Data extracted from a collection

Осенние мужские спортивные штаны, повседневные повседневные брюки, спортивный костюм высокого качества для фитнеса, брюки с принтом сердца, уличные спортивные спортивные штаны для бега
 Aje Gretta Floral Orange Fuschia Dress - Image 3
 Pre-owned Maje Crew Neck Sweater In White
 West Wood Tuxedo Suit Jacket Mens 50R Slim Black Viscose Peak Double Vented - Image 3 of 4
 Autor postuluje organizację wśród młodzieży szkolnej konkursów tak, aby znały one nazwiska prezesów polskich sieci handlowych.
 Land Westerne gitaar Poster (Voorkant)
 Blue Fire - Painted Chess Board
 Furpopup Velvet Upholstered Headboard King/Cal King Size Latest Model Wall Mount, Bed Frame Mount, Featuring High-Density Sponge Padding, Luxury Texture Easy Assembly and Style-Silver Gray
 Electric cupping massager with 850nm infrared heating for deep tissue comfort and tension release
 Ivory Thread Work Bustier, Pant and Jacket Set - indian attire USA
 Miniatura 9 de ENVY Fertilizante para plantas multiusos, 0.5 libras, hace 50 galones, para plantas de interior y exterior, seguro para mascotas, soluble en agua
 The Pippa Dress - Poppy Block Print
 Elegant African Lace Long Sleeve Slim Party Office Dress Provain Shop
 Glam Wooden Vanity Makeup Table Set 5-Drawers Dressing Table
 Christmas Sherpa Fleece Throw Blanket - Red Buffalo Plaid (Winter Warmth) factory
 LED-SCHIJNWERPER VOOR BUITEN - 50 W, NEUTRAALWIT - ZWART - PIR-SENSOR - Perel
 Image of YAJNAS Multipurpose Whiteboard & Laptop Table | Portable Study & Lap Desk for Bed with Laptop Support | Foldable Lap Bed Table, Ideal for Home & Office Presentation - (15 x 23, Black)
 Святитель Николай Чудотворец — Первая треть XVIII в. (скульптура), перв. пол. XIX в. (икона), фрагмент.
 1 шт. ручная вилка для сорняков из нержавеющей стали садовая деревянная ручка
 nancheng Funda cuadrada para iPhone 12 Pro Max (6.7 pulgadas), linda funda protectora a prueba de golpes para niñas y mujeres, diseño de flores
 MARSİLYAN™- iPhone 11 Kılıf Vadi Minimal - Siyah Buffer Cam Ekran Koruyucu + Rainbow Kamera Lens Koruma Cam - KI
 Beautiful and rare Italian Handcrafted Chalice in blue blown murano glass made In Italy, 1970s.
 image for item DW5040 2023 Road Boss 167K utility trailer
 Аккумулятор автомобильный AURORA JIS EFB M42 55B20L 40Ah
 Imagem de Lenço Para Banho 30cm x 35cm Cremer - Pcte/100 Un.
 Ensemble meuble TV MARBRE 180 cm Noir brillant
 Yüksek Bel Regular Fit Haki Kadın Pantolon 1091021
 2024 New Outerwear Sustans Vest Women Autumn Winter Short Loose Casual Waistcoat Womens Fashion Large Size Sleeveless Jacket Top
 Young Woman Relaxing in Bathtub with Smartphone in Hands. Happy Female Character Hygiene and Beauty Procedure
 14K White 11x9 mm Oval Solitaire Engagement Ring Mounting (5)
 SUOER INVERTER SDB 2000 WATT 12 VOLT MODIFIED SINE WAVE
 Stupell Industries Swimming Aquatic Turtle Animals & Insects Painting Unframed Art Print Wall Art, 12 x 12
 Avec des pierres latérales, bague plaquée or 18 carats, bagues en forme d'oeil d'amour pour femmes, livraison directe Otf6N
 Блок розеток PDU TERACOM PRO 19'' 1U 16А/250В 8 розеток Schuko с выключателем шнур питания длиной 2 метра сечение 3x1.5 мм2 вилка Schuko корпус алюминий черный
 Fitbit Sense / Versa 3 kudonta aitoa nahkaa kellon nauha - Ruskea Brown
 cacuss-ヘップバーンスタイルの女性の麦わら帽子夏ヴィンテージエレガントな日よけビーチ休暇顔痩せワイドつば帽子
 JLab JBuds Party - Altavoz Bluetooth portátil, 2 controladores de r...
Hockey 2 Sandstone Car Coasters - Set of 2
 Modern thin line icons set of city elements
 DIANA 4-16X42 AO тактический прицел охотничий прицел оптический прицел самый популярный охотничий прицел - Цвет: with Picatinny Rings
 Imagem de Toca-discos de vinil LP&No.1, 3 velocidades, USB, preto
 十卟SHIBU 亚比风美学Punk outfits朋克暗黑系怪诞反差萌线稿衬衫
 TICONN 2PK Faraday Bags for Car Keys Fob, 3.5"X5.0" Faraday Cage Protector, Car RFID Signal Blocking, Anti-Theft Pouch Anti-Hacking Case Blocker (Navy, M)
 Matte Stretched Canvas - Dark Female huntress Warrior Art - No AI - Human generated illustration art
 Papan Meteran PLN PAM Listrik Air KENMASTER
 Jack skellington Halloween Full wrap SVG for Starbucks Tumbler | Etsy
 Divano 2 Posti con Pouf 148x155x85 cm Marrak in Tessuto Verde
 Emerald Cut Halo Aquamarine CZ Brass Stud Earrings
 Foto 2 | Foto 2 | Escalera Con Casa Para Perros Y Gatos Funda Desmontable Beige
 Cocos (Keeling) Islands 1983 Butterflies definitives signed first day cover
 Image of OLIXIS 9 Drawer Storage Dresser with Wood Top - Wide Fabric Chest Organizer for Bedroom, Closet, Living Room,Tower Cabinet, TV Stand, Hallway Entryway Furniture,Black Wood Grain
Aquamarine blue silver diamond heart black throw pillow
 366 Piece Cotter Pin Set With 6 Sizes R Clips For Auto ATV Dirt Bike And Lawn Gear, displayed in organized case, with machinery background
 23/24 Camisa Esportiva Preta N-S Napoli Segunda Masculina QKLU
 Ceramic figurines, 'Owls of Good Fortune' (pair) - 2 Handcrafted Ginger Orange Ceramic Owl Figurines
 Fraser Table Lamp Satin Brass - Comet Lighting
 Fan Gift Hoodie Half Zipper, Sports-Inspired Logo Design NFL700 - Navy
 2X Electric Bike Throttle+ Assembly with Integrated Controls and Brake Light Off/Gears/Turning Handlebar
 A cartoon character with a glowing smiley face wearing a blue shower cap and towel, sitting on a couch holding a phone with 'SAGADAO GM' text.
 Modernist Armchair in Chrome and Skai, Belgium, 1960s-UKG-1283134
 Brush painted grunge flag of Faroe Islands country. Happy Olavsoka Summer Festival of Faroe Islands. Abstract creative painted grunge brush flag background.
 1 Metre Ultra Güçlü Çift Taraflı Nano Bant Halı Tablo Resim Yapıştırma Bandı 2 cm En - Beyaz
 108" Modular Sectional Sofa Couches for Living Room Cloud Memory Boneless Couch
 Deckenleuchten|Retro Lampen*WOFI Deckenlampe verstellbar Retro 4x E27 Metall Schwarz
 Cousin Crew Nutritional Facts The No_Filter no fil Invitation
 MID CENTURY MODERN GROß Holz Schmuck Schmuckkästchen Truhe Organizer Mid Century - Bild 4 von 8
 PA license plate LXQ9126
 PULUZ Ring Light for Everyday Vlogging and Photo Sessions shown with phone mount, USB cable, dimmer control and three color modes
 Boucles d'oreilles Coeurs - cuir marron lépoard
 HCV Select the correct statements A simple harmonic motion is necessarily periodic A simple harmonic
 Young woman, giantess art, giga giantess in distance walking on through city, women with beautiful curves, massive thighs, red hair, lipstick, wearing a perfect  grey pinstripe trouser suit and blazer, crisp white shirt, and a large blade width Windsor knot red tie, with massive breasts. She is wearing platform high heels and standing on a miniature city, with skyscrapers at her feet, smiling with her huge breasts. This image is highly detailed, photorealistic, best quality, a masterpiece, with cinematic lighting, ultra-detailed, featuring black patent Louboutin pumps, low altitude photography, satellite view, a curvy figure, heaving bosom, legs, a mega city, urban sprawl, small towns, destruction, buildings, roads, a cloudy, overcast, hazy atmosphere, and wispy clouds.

### Problem to solve
Transcribe the records above from the line holding "Glam Wooden Vanity" down to the line holding "Beautiful and rare", inclusive, without adding anything.

### Problem solution
 Glam Wooden Vanity Makeup Table Set 5-Drawers Dressing Table
 Christmas Sherpa Fleece Throw Blanket - Red Buffalo Plaid (Winter Warmth) factory
 LED-SCHIJNWERPER VOOR BUITEN - 50 W, NEUTRAALWIT - ZWART - PIR-SENSOR - Perel
 Image of YAJNAS Multipurpose Whiteboard & Laptop Table | Portable Study & Lap Desk for Bed with Laptop Support | Foldable Lap Bed Table, Ideal for Home & Office Presentation - (15 x 23, Black)
 Святитель Николай Чудотворец — Первая треть XVIII в. (скульптура), перв. пол. XIX в. (икона), фрагмент.
 1 шт. ручная вилка для сорняков из нержавеющей стали садовая деревянная ручка
 nancheng Funda cuadrada para iPhone 12 Pro Max (6.7 pulgadas), linda funda protectora a prueba de golpes para niñas y mujeres, diseño de flores
 MARSİLYAN™- iPhone 11 Kılıf Vadi Minimal - Siyah Buffer Cam Ekran Koruyucu + Rainbow Kamera Lens Koruma Cam - KI
 Beautiful and rare Italian Handcrafted Chalice in blue blown murano glass made In Italy, 1970s.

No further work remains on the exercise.